Problem requirements –
Which lines come from the start of the records through the line that holds "4 bedroom Flat"? Write them out word for word.

[[ Data for the task open ]]

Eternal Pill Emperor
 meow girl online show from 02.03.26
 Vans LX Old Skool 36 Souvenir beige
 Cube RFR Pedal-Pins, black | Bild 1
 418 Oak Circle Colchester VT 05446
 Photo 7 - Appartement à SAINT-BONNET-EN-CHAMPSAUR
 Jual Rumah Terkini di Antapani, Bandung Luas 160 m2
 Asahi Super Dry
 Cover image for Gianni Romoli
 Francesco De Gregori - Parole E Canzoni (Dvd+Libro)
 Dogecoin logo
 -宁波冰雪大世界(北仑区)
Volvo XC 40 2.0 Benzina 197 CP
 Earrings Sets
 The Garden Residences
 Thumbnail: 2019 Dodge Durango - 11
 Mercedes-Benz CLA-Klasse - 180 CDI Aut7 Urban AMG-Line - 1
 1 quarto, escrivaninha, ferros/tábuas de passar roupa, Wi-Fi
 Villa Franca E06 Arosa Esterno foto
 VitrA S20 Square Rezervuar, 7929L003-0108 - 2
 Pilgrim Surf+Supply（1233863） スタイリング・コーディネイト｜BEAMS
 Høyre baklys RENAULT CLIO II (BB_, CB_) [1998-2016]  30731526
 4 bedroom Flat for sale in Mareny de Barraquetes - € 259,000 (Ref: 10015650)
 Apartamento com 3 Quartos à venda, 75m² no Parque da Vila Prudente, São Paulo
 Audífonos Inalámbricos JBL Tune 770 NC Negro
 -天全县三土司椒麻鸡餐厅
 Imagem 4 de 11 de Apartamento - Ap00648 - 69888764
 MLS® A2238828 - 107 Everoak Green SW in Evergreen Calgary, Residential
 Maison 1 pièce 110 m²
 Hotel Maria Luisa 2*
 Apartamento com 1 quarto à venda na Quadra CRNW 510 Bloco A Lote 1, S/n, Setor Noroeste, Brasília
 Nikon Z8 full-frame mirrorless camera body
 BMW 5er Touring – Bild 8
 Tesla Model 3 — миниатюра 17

[[ Data for the task closed ]]

Written solution –
Eternal Pill Emperor
 meow girl online show from 02.03.26
 Vans LX Old Skool 36 Souvenir beige
 Cube RFR Pedal-Pins, black | Bild 1
 418 Oak Circle Colchester VT 05446
 Photo 7 - Appartement à SAINT-BONNET-EN-CHAMPSAUR
 Jual Rumah Terkini di Antapani, Bandung Luas 160 m2
 Asahi Super Dry
 Cover image for Gianni Romoli
 Francesco De Gregori - Parole E Canzoni (Dvd+Libro)
 Dogecoin logo
 -宁波冰雪大世界(北仑区)
Volvo XC 40 2.0 Benzina 197 CP
 Earrings Sets
 The Garden Residences
 Thumbnail: 2019 Dodge Durango - 11
 Mercedes-Benz CLA-Klasse - 180 CDI Aut7 Urban AMG-Line - 1
 1 quarto, escrivaninha, ferros/tábuas de passar roupa, Wi-Fi
 Villa Franca E06 Arosa Esterno foto
 VitrA S20 Square Rezervuar, 7929L003-0108 - 2
 Pilgrim Surf+Supply（1233863） スタイリング・コーディネイト｜BEAMS
 Høyre baklys RENAULT CLIO II (BB_, CB_) [1998-2016]  30731526
 4 bedroom Flat for sale in Mareny de Barraquetes - € 259,000 (Ref: 10015650)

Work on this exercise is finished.